When you look at the social strata of RIT’s student body, you’ll notice right away that there’s no overwhelming majority. I say “strata,” because — like high school — there are stark divisions in the rock. Between building 7, the engineering building, frat row, and the field house, you’re looking at a pretty entrenched social system.
There’s an uneasy tension between the groups, a subtle disapproval of each other’s lifestyles. We’re all guilty of it (see last week’s editorial comic), but I doubt many are aware of how pervasive the problem is. If we’re all looking at each other and thinking, “Hey, jerk bag, stop looking like a douche and un-pop your collar,” it doesn’t really lead to a friendly campus.

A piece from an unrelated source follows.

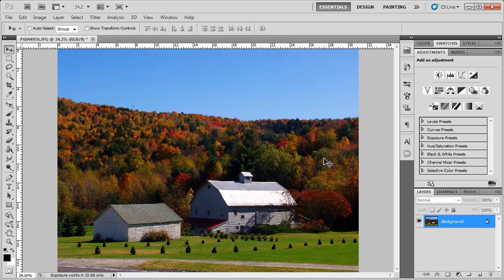And by the way, this works best for these particular type of photos. Don't really try this with people. It will make them probably look really orangey. Really bad.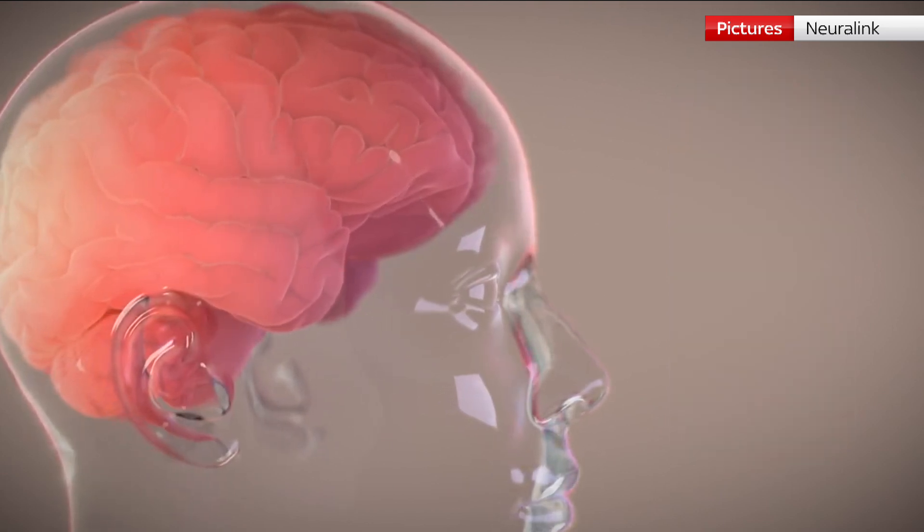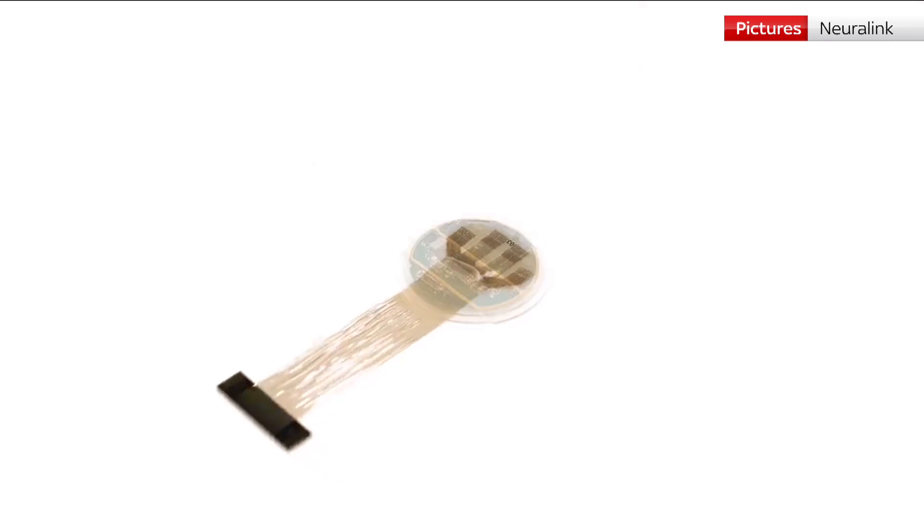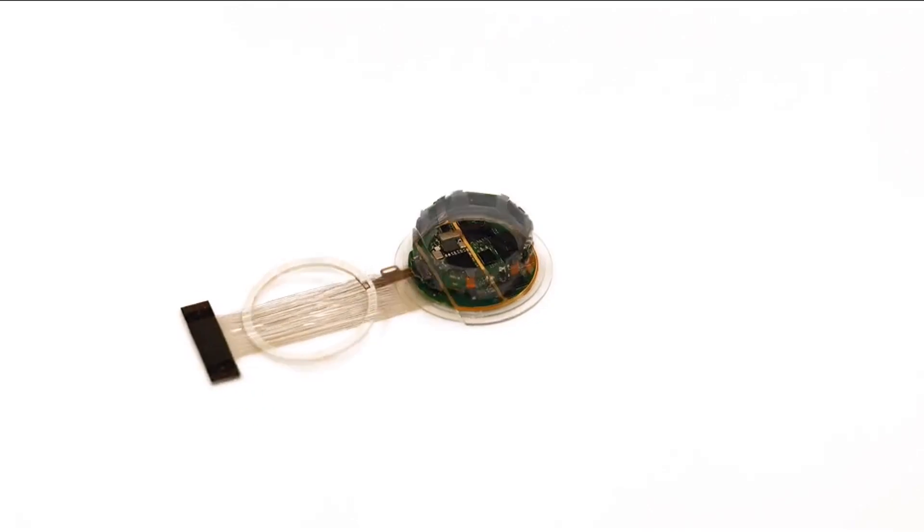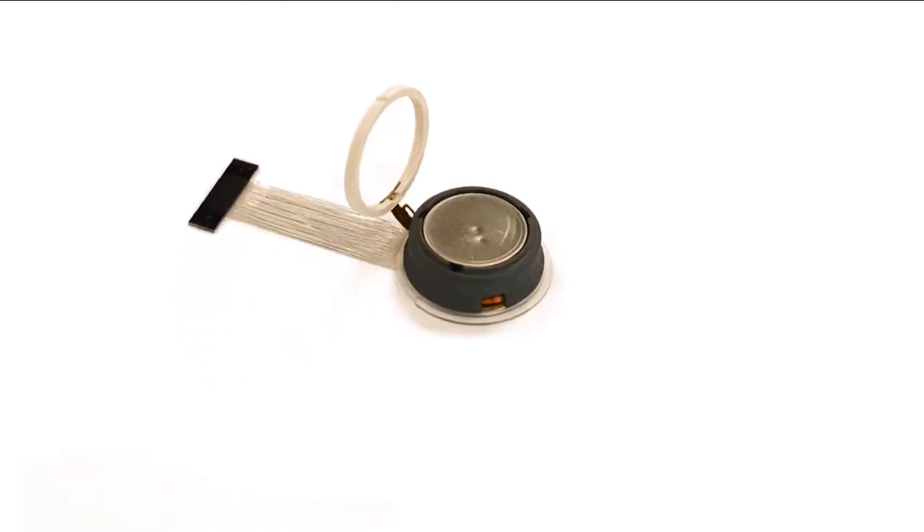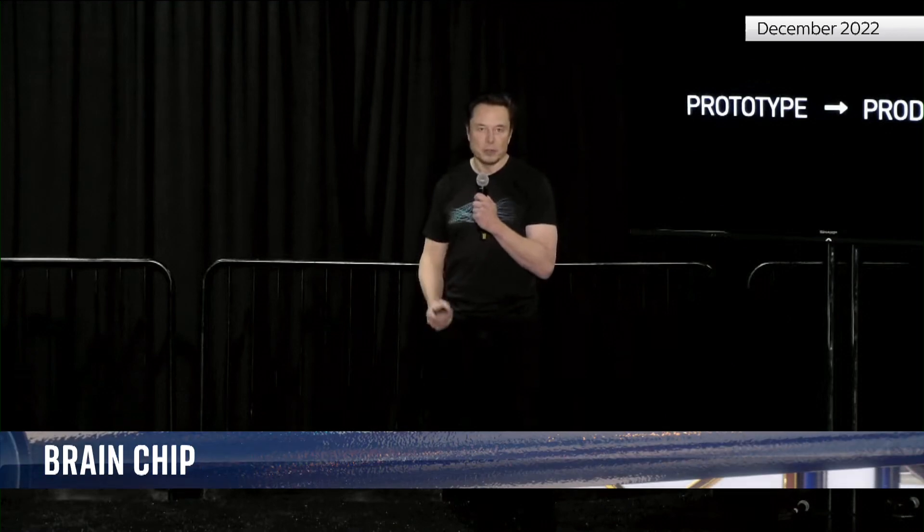For eight years since founding Neuralink, Elon Musk has been wanting to get inside our heads. We think probably in about six months we should be able to have our first Neuralink in a human.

Beyond the simple “we fear things that are different from us” explanation, I think the root of the problem lies in our expectations of what college life is supposed to be like.
Not to pick on them, but Humans vs. Zombies is an extremely visible example of my point. Love ‘em or hate ‘em, the HvZ kids are a much talked about presence on campus. Now, I imagine playing HvZ is pretty exciting. I’ll admit that I secretly have a zombie-outbreak-emergency-plan. However, I do find the game extremely vexing. In large part, I think it’s because it doesn’t fit into my expectations of what college life is like.
I think that’s where a lot of the tension comes from. We all came to RIT for different reasons, expecting different things. The administration would call this “diversity.” I would call it a mess. (I’m not talking about ethnicity or race here, that’s a whole different bag of apples.)
Diverse interests lead to conflicts, almost always. When I see an HvZ player, I’m not just seeing a green armband; I’m seeing how his or her interests are infringing upon my piece of RIT’s pie. It’s an irrational thought, yes. But it’s there and I can’t imagine I’m the only one who’s had it.
Where this really surfaces is when I listen to people in positions of power talk about “what students want.” They’re tasked with sorting through all of the competing interests of the RIT community and developing some semblance of a good idea. While on a tour of the SAU renovations, my guide (an administrator from Student Affairs) candidly admitted, “We have no idea what students will do with it, we’ll just have to wait and see.”
They’ve probably drawn the same conclusion I have: No matter what gets built or what decisions are made, students will inevitably either embrace it or feel alienated by it.
That being said, they did get one thing right (see “Twenty Minutes with Girl Talk”). It turns out, whether you’re a hipster or a frat boy, a human or a zombie, RIT kids like to dance.